- [Your task]:
In the records below, begin at the line containing "Samsung WB750 vs" and end at the line containing "Helenium Floral Art"; quote every line in that span exactly, including both boundary lines, and no others.

──────── Records shown

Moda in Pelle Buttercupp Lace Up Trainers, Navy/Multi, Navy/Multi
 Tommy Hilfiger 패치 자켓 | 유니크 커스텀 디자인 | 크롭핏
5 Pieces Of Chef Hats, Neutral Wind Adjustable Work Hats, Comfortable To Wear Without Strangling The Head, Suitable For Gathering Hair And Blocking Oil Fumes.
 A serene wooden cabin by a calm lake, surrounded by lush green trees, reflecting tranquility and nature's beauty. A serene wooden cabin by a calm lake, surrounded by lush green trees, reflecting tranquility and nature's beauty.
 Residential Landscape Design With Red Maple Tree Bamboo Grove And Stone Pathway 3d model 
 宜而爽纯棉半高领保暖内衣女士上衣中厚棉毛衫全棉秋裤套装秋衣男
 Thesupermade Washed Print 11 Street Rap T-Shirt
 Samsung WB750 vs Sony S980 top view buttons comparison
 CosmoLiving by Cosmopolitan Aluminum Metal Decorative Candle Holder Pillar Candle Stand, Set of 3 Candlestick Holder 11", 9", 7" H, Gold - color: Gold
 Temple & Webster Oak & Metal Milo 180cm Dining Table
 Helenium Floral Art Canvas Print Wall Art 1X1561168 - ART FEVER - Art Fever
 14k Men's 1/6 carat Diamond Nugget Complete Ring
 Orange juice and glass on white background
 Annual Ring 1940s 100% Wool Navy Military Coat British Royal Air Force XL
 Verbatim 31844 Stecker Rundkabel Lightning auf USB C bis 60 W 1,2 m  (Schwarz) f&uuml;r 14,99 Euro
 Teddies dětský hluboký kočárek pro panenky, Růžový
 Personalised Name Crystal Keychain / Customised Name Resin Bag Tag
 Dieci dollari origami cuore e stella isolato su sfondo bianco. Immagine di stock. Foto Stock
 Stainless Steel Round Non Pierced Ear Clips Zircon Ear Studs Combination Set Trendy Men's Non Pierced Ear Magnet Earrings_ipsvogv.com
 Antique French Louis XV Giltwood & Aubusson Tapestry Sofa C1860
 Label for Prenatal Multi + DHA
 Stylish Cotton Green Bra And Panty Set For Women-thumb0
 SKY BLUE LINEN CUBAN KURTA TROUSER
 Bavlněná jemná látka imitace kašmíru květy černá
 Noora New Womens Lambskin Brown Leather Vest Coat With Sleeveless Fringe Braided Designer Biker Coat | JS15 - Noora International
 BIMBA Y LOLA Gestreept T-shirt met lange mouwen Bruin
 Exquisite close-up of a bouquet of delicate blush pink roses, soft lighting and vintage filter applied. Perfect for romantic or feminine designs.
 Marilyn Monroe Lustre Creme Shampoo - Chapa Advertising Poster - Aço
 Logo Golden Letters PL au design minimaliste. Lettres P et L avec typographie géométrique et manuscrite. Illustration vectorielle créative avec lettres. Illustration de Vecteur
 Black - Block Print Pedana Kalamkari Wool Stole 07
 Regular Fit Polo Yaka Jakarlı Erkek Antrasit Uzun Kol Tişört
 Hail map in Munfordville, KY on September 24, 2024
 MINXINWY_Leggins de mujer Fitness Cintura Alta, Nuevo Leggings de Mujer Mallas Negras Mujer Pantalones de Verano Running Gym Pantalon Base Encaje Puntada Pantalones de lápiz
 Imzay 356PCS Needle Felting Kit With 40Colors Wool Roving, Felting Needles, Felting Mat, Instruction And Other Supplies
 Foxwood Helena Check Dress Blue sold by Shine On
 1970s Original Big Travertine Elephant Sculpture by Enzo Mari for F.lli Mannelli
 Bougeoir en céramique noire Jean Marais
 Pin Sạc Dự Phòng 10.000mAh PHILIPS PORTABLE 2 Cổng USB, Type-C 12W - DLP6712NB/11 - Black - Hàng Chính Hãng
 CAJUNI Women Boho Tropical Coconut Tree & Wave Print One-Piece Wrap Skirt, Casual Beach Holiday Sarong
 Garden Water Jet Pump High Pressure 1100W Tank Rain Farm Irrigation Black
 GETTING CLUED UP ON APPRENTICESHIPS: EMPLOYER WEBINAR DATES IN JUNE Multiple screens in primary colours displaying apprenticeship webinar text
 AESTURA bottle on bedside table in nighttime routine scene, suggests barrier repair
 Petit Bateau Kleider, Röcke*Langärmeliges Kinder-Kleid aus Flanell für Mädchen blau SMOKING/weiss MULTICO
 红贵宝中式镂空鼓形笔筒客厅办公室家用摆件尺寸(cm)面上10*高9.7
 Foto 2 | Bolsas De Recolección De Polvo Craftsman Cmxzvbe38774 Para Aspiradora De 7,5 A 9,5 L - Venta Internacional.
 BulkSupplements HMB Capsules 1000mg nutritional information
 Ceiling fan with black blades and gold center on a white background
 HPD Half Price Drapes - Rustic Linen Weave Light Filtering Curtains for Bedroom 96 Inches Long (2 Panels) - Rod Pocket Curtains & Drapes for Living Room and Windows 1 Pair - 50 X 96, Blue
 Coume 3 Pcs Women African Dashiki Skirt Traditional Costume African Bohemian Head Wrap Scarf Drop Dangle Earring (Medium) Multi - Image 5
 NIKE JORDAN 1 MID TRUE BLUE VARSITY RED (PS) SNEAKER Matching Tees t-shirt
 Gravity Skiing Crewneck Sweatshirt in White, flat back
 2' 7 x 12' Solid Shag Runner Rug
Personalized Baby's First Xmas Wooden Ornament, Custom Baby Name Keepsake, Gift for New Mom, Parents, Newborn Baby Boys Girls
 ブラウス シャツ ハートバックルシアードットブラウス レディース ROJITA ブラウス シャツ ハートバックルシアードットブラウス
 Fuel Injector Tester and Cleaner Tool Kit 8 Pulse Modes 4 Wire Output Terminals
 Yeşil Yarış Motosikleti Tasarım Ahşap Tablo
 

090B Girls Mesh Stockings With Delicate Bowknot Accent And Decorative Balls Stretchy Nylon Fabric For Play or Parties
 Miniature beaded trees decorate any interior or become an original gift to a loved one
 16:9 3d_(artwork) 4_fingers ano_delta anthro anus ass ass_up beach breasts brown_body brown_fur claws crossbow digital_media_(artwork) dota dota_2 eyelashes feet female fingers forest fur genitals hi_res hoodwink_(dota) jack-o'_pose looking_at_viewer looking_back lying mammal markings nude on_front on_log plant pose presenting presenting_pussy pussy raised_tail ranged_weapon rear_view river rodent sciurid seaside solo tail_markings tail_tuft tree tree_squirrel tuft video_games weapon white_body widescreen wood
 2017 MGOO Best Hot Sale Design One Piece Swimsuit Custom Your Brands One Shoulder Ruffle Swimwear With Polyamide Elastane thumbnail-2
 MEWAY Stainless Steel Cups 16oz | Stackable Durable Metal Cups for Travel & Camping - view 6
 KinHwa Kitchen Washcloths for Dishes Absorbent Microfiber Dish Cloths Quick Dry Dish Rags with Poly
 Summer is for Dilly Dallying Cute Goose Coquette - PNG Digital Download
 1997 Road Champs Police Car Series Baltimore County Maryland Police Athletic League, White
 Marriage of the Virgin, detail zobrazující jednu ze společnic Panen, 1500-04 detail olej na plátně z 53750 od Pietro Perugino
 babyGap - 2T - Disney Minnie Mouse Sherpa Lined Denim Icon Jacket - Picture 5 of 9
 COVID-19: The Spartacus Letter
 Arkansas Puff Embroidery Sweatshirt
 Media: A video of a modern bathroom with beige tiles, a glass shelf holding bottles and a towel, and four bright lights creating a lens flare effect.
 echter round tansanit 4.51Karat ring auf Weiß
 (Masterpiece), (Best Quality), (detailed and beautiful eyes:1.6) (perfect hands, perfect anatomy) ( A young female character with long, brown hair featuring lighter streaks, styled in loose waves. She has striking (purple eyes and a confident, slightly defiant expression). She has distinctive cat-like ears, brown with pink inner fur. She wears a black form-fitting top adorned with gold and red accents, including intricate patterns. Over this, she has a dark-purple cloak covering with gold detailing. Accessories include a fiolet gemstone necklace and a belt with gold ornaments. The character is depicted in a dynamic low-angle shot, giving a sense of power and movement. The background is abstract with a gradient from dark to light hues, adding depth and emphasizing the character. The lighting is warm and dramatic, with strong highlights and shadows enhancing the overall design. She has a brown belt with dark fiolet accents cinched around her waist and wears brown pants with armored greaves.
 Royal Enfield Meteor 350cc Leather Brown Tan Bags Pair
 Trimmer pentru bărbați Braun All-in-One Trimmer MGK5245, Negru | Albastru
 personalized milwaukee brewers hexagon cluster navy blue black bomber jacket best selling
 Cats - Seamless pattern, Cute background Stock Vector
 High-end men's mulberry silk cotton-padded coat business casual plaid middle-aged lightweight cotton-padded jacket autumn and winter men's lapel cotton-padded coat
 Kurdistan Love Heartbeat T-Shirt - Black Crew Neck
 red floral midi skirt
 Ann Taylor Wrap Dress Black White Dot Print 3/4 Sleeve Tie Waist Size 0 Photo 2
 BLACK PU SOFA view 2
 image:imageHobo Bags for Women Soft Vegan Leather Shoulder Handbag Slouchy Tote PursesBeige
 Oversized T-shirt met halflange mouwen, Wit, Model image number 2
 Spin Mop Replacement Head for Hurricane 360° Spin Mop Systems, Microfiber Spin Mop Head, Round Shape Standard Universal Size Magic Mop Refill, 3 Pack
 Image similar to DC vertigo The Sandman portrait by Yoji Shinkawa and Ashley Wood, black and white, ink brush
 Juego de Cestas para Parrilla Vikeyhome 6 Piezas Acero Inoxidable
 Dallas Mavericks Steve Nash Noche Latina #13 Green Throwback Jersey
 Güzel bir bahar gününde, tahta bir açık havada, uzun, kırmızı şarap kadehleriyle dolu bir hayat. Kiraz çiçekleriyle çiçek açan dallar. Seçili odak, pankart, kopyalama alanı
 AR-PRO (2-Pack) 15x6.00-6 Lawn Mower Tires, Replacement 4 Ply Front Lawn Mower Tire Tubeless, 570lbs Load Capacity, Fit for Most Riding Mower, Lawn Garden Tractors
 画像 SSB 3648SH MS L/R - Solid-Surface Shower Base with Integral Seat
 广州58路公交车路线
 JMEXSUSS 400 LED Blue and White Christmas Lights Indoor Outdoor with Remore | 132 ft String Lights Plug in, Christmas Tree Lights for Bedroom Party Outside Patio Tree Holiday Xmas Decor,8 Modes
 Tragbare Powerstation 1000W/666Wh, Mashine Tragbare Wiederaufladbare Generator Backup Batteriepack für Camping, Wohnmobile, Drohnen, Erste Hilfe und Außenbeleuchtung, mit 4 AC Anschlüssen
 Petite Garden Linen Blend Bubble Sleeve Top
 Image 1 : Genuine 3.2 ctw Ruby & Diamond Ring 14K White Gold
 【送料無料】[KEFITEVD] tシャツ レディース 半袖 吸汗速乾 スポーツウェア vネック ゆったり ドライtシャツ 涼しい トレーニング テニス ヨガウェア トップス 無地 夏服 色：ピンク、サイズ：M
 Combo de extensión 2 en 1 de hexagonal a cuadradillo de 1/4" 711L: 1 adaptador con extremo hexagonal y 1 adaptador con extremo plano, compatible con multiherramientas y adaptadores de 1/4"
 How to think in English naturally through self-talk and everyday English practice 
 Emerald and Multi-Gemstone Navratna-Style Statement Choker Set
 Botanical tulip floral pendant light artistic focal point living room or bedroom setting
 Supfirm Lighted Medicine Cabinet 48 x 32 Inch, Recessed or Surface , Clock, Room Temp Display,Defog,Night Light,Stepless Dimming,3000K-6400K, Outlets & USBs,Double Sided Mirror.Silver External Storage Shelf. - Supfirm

────────────────

- [Output for this exercise]:
 Samsung WB750 vs Sony S980 top view buttons comparison
 CosmoLiving by Cosmopolitan Aluminum Metal Decorative Candle Holder Pillar Candle Stand, Set of 3 Candlestick Holder 11", 9", 7" H, Gold - color: Gold
 Temple & Webster Oak & Metal Milo 180cm Dining Table
 Helenium Floral Art Canvas Print Wall Art 1X1561168 - ART FEVER - Art Fever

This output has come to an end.